Saturday, September 12, 2015

Is Find A Grave Becoming the US Genealogy Reference Standard?

Find A Grave began with a simple premise: a website with a memorial page for each grave in the United States. (I realize Find A Grave is worldwide, but I think it is most heavily used in the United States.) With the website now containing over 130 million entries and the capability of linking individuals to spouses and parents, it may very well be in a unique position.

Since the premise is to have one page per grave, if it were to ever be complete Find A Grave would be a significant foundation for building a genealogical family tree of the United States. Think about that for a moment. Unlike the family trees on and other websites, this website has a UNIQUE record for each individual with the potential to illustrate marriages and ancestry. This is what I mean by Find A Grave becoming the "US genealogy reference standard" - a centralized location that approaches the astounding goal of documenting the family tree of the United States.

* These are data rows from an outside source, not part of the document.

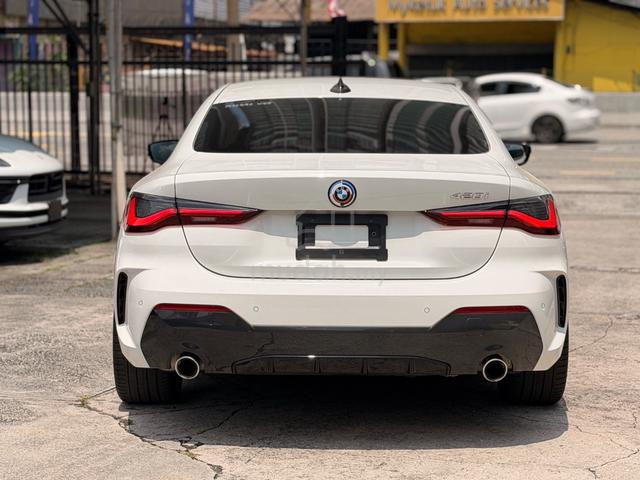 Bmw 420i COUPE M SPORT/UNREGISTER/8 YEAR WARRANTY - 5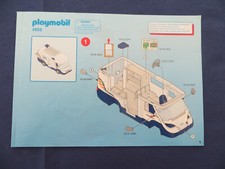Playmobil Bauanleitung –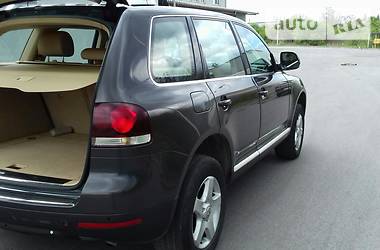 Хетчбек Volkswagen Touareg 2008 в 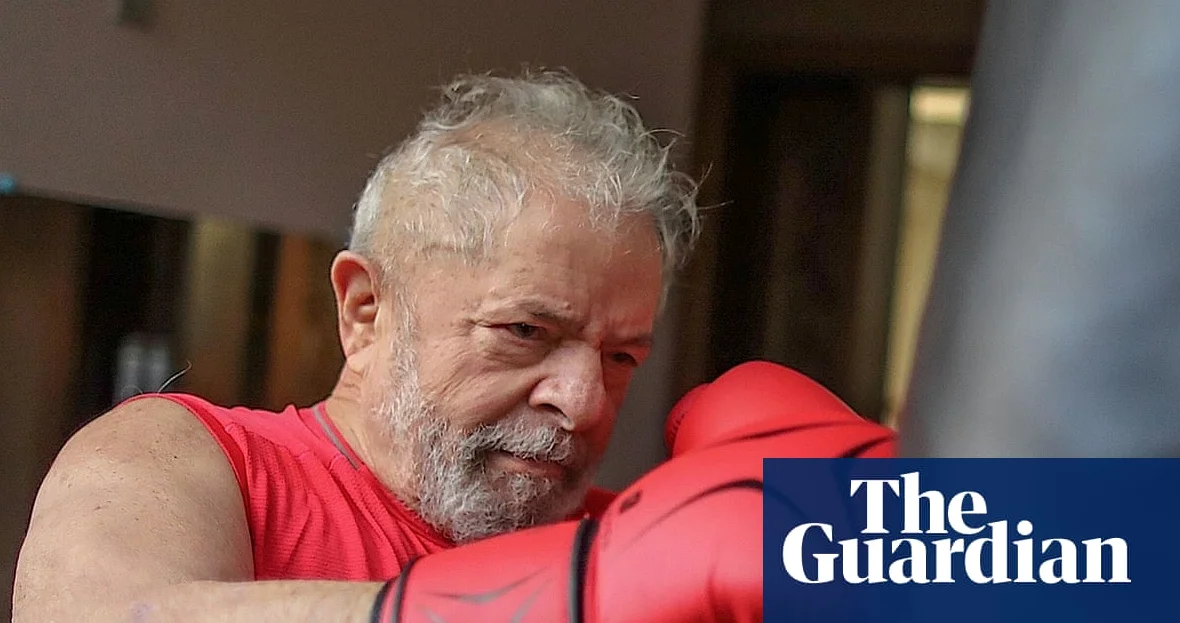 80歳のルラ大統領、選挙前に自らの体調をアピールするワークアウト配信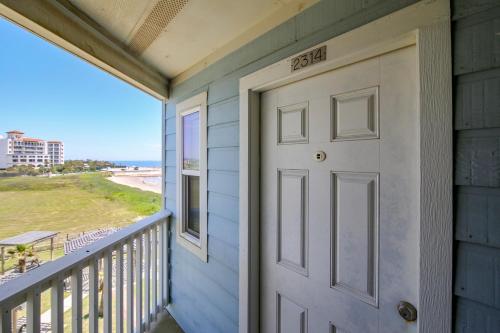 Seascape 2314 condo in Galveston, USA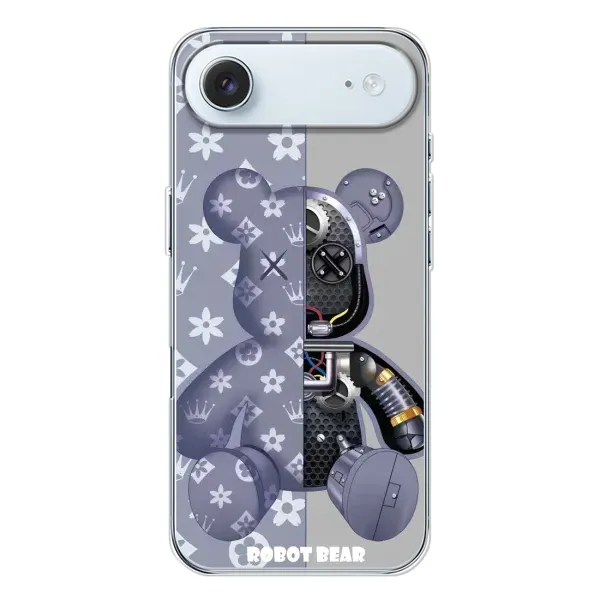 Чехол с рисунком «Медведь Louis Vuitton» для iPhone 17 Air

Imagine if Find A Grave memorials were expanded to include the ability to document census record appearances, birth certificates, death certificates, marriage licenses, military service, and so forth and so on. Actually, now owns Find A Grave. What if integration of records was to occur? Imagine the genealogical treasure that would be created for future generations.

But, this will only happen if Find A Grave wakes up to discover the potential they have. The site is currently dominated by those that create the memorials, some of them managing over a million memorials. I would venture that the vast majority of memorials are not managed by descendants. I have had difficulty having memorials properly updated, even as a direct descendant. It is not practically possible for one person to process the edits for more than perhaps a few thousand memorials much less have any idea if any of the information is correct.

If you are interested in genealogy, I would encourage you to find the memorials for your ancestors and submit updated information for them or even request ownership of the memorials. And, consider writing to Find A Grave to encourage them to re-orient the rules to favor descendants and expansion of the site to become what it has the potential to become. Right now it is not clear to me that they "get it."